D) Un docteur trouve un thème de leçon, un thème à divisions rigoureuses, et pleines de choses: Finis, intra et extra. - Extra, quanto perfectior, tanto plurium. - Intra, quanto perfectior, tanto pauciorum. Forma, intra et extra. Intra, quanto perfectior, tanto pauciorum. Extra, plurium, etc. ». Belle leçon à développer. Elle se trouve ajoutée aux listes A, B, C, qui elles ne renferment que des sujets sans liens d'idée ni de mots. De qui est le projet de leçon ? Que vient-il faire dans la collection? Qui l'a rangé tout près de colonnes entières de textes découpés, sans plus, dans Aristote? L'on trouve tout cela dans les Theoremata. Et de là suit-il que les XXIII chapitres, ou même un seul soit

sorti de la plume de Scot, de Scot voulant composer l'ouvrage que les éditeurs Maurice, Cavellus et Wadding nous présentent, sous le titre Scoti Theoremata, comme un arsenal de dialectique, où chaque mot est pesé méticuleusement à sa valeur exacte, alors que, oublieux de ce qu'ils avaient dit, naïvement ils déclarèrent que l'auteur de si profondes pensées aurait eu grand peine à s'y reconnaître, tant elles se trouvent les unes avec les autres en confusion, et même en contradiction!
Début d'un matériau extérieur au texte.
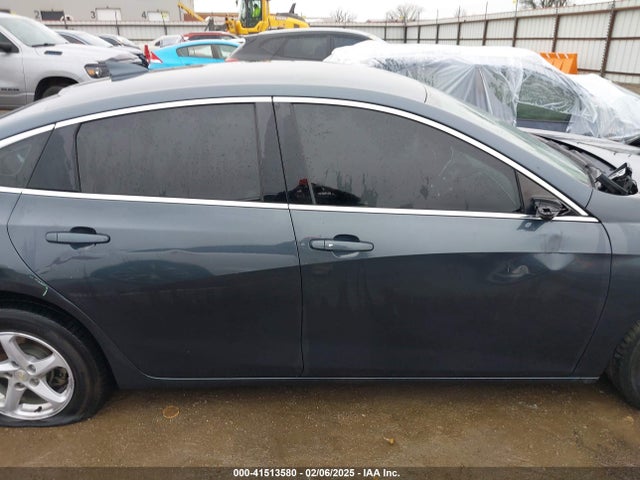 1G1ZD5ST4KF141307 Chevrolet MALIBU LT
Notez que, pour expliquer le titre Theoremata Scoti» sous la plume de Joannes Canonicus, nous avons supposé au moins une liste de propositions, sinon écrites par Duns Scot lui-même, au moins découpées dans ses ouvrages et rapportées sous le nom de Théorèmes avec des scolies de partisans qui les défendent, ou d'adversaires qui les corrigent et les réfutent. Mais pouvons-nous être bien sûrs que Joannes Canonicus ne s'est pas laissé abuser? L'esprit critique était-il, à cette époque, si scrupuleux sur la paternité littéraire que Joannes Canonicus n'ait pu céder à la tentation d'exalter Duns Scot s'il a cru que sa gloire pouvait gagner quelque chose à l'attribution de propositions dont il n'était pas certain que Duns Scot fût l'auteur? Toujours est-il que Joannes Canonicus, jusqu'à Zerbi en 1482, est le seul qui cite, et seulement une fois, et seulement quant à la teneur d'une proposition, qui cite quelque chose des Theoremata; de tous les contemporains de Scot, disciples ou adversaires, jusqu'en 1482, Joannes Canonicus est le seul qui ait prononcé le nom de Theoremata.
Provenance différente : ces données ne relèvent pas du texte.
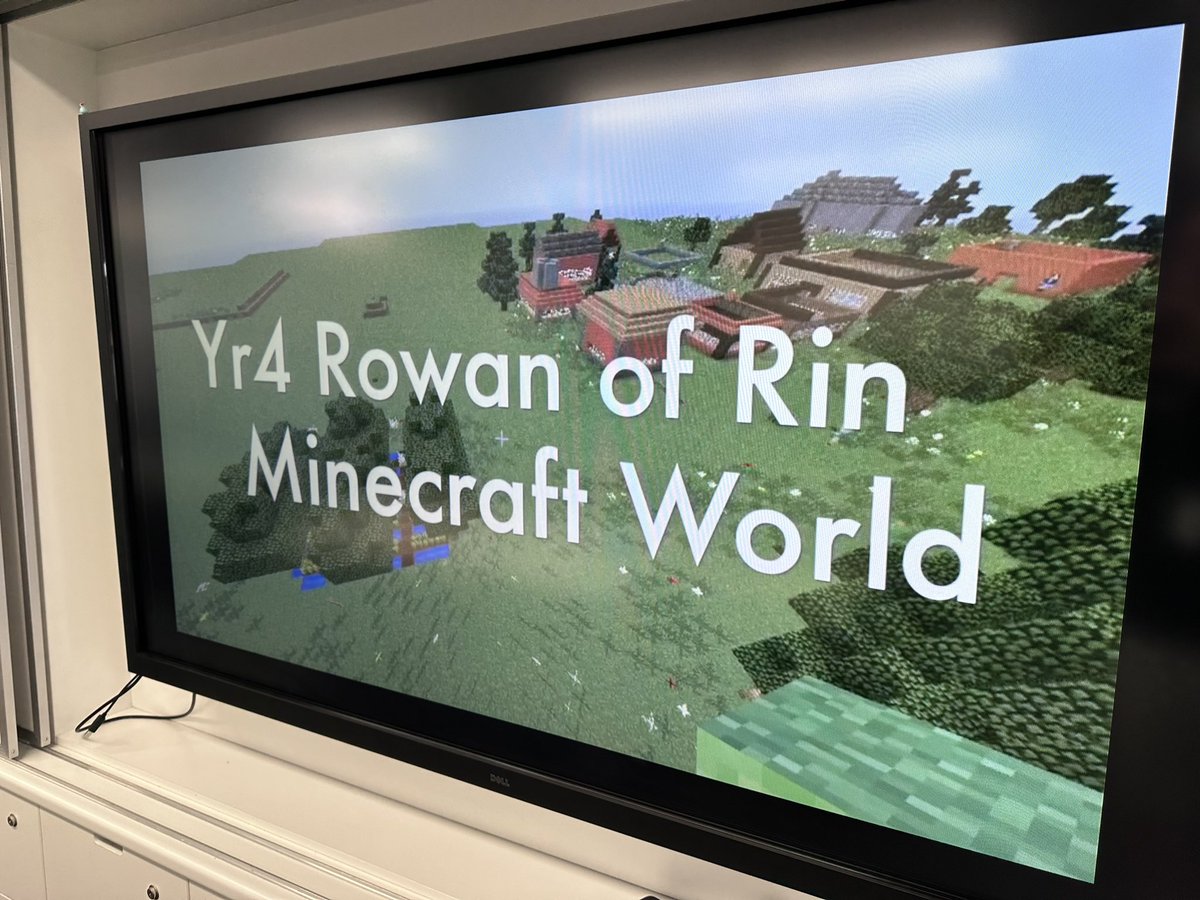 pabt_edtech's tweet photo. So great to work with teachers today at the Mountain Creek SHS Digi Tech Expo. We spent 90min exploring the world of #minecraft 😀 https://t.co/wGS1fdMzIU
Nous ne savons rien des mœurs intellectuelles de Joannes Canonicus. Et rien ne nous assure que sa citation n'ait pas eu lieu trente ou même quarante ans après la mort de Duns Scot.
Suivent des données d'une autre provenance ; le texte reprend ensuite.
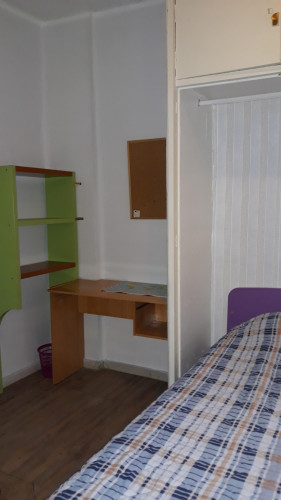 Single bedroom in a 3-bedroom flat, in Poligono Sur - Gallery - 11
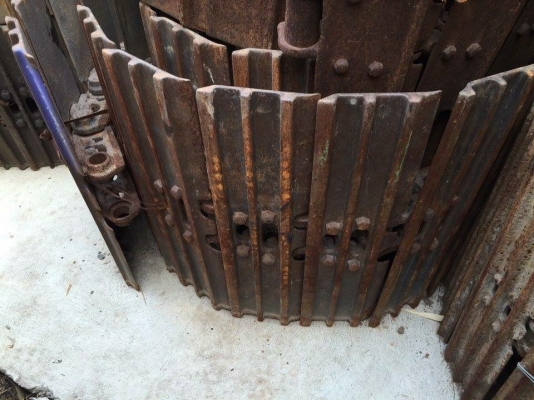 โซ่พร้อมใบเก่านอกญี่ปุ่น komatsu pc200-5-6 ใบยาว 80 ซม เส้นละ 60,000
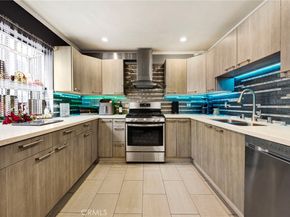 7764 Via Capri, Burbank CA 91504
Et, fût-il soucieux, ce que nous ne savons nullement, de garder les règles de la critique en fait de paternité littéraire, Joannes Canonicus était-il à même de s'assurer sur l'original, trente ou quarante ans après la mort de Scot, si la liste – je ne dis plus toutes les listes des XXIII chapitres - mais la liste dont il cite un fragment et qui, admettons-le, circulait sous le nom de Scot, était bien réellement de Scot lui-même ? Lorsqu'on réfléchit aux attributions d'ouvrages, faites de

bonne ou de mauvaise foi, dont S. Thomas et S. Bonaventure ont été victimes de la part de leurs admirateurs, il n'est que sage, en critique externe, de ne pas accepter, tout au moins pour l'ensemble des XXIII chapitres des Theoremata, l'unique témoignage de Joannes Canonicus, fût-il autorisé quant à l'unique point de sa citation; et cela, parce qu'il suffit d'une lecture pour juger, en critique interne, du caractère chaotique, hétéroclite et contradictoire de cette informe compilation. Il ne faudrait, à notre avis, pas moins que le manuscrit même de Duns Scot pour nous assurer, vu son caractère interne, que la compilation en XXIII chapitres nommée Theoremata Scoti est bien authentiquement du Subtil Maître.

Que si le texte du De primo Principio et la citation de Joannes Canonicus ne peuvent absolument pas forcer la conviction touchant l'authenticité des Théorèmes, aux yeux de quel critique le fait qu'ils aient été, 170 ans après la mort de Scot, invoqués par Zerbi et publiés, plus tard encore, par Maurice de Port, Cavellus et Wadding, ces deux-ci s'en remettant au jugement du premier éditeur, aux yeux, dis-je, de quel critique ce fait constituerait-il pour leur authenticité une base suffisamment solide? Que des hommes aussi attachés à la gloire de Scot, aussi pénétrés de ses principes, aussi bons liseurs de ses textes, n'aient pu réussir, malgré une souplesse d'interprétation allant jusqu'au prodige, à mettre les XXIII chapitres en cohérence les uns avec les autres et avec la doctrine constante de Scot, ce fait-là doit-il être retenu pour ou contre l'authenticité des Theoremata?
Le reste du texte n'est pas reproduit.